The variable I want to analyze is the Sales variable because it would be the most valuable to a business to see which products, places, customers etc. result in the most sales.
Two basic graphs to describe the distribution of Sales variable.
library(ggplot2)
ggplot(superstore, aes(x=Sales))+geom_histogram(bins=50)
ggplot(superstore, aes(x=Sales))+geom_density()
Further detailing the two above graphs using: * title * theme * Setting the range of x axis * removing the y-axis label
a = ggplot(superstore, aes(x=Sales))
a+geom_histogram(bins=50)+ggtitle("Histogram of Sales")+theme(plot.title=element_text(hjust=0.5))+coord_cartesian(xlim=c(0, 5000))+ylab(NULL)
a+geom_density()+ggtitle("Density Curve of Sales")+theme(plot.title=element_text(hjust=0.5))+coord_cartesian(xlim=c(0, 5000))+ylab(NULL)
Exploring the Sales variable with some other variables in the data:
ggplot(superstore, aes(x=Ship.Mode, y=Sales, fill=Ship.Mode))+geom_col()+scale_fill_discrete(guide = "none")+ggtitle("Sales vs Shipping Mode")+theme(plot.title=element_text(hjust=0.5))
Based on the above graph, most customers from this superstore data ordered Standard Class shipping.
superstore$Order.Date = as.Date(superstore$Order.Date, format = "%m/%d/%Y")
ggplot(superstore, aes(x=as.Date(Order.Date), y=Sales))+geom_point(color="purple")+xlab("Order Date")+ggtitle("Sales Over Time")+theme(plot.title=element_text(hjust=0.5))
The above graph shows the distribution of order sales across time. There seems to be a pretty even distribution of sales across the years. There is a single point near the beginning of 2014 that resulted in the largest sale amount.
ggplot(superstore, aes(x=Sub.Category,y=Sales,fill=Category))+geom_col()+ggtitle("Sales of Sub Categories")+xlab("Sub Category")+theme(plot.title=element_text(hjust=0.5))+theme(axis.text.x = element_text(angle=90, hjust=1, vjust=.5))
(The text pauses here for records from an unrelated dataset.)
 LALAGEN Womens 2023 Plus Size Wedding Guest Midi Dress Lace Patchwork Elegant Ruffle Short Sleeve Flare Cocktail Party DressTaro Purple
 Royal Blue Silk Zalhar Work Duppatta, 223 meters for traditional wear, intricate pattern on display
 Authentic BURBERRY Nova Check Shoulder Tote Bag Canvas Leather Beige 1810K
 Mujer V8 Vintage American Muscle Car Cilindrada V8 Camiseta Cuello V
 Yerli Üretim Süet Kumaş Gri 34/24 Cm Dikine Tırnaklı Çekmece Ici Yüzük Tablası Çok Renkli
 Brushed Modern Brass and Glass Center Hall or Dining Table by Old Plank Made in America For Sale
This graph indicates the categories and subcategories that received the most sales. Chairs and Phones were the two most purchased sub categories in the Furniture and Technology categories respectfully. The least purchased sub category is fasteners in office supplies.
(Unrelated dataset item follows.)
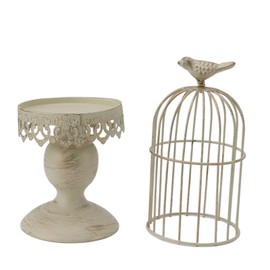 Birdcage Candle Holder Iron Vintage Detachable Stable Base Bird Cage Decor for Bedroom Restaurant S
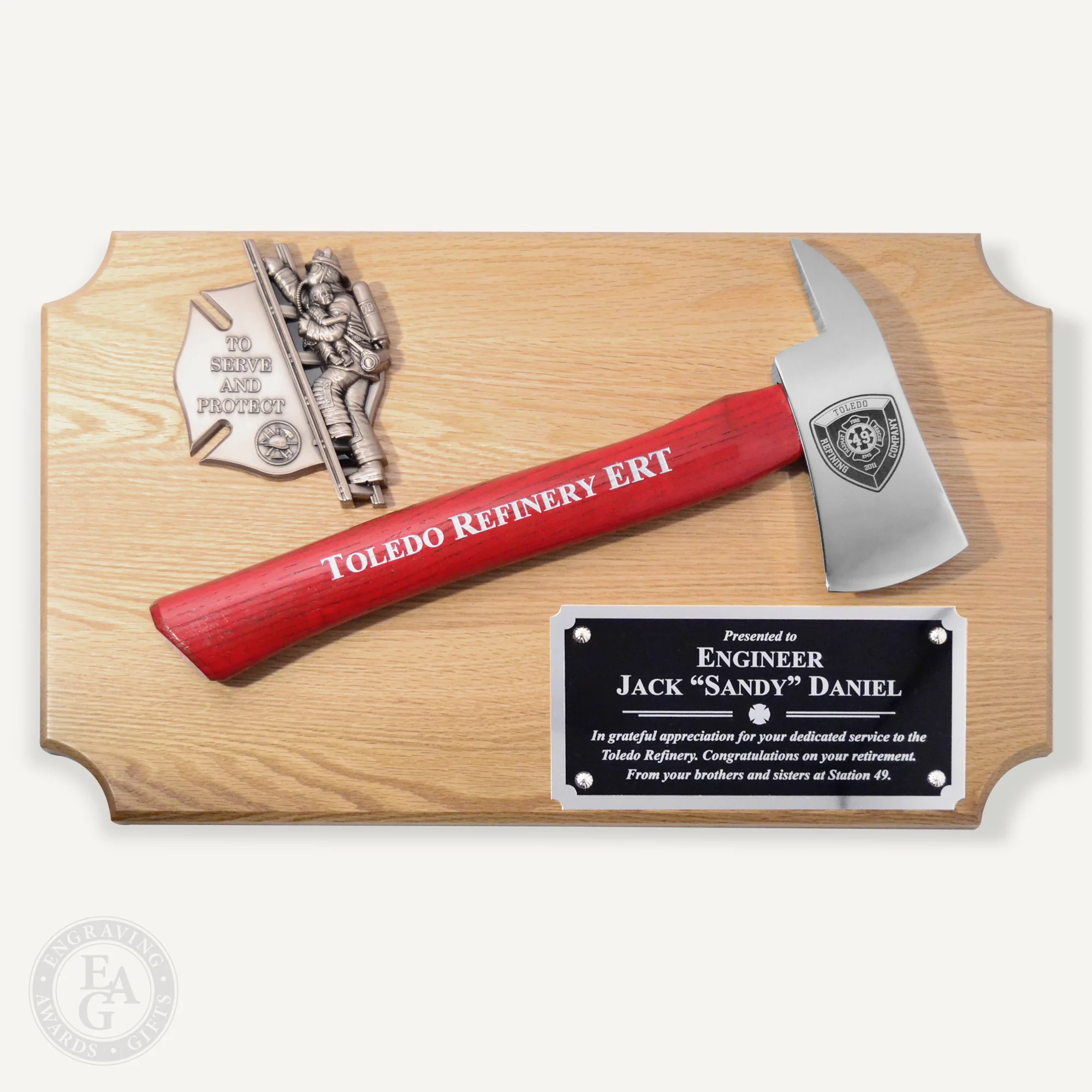20" x 12" Oak Firefighter Axe Award Plaque - Chrome - Image 15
ggplot(superstore, aes(x=Segment, y=Sales, fill=Segment))+geom_col()+scale_fill_discrete(guide = "none")+ggtitle("Sales of Segments")+theme(plot.title=element_text(hjust=0.5))
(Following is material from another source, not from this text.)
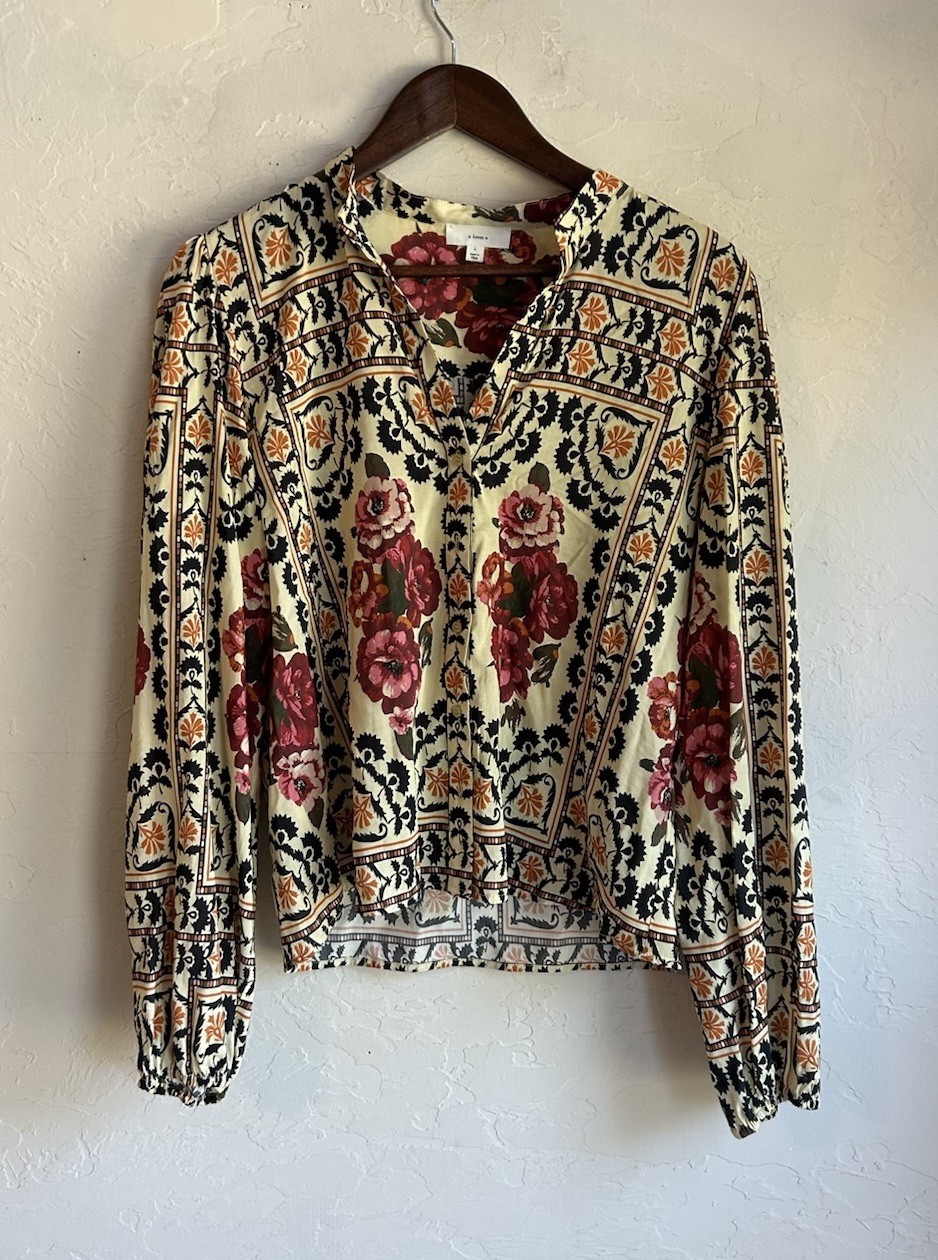 A Loves A Floral Button Up Top L Bohemian Balloon Sleeve Boho Relaxed Fit NWT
The graph of segments indicates the type of customer that purchased. It looks like consumers are the customers that purchase the most, followed by corporate, and home office customers.
ggplot(superstore, aes(x=State, y=Sales, fill=Region))+geom_col()+theme(axis.text.x = element_text(angle=90, hjust=1, vjust=.5))
Above is a bar graph of each state’s sales. California, New York, and Texas are the top three states with the most sales.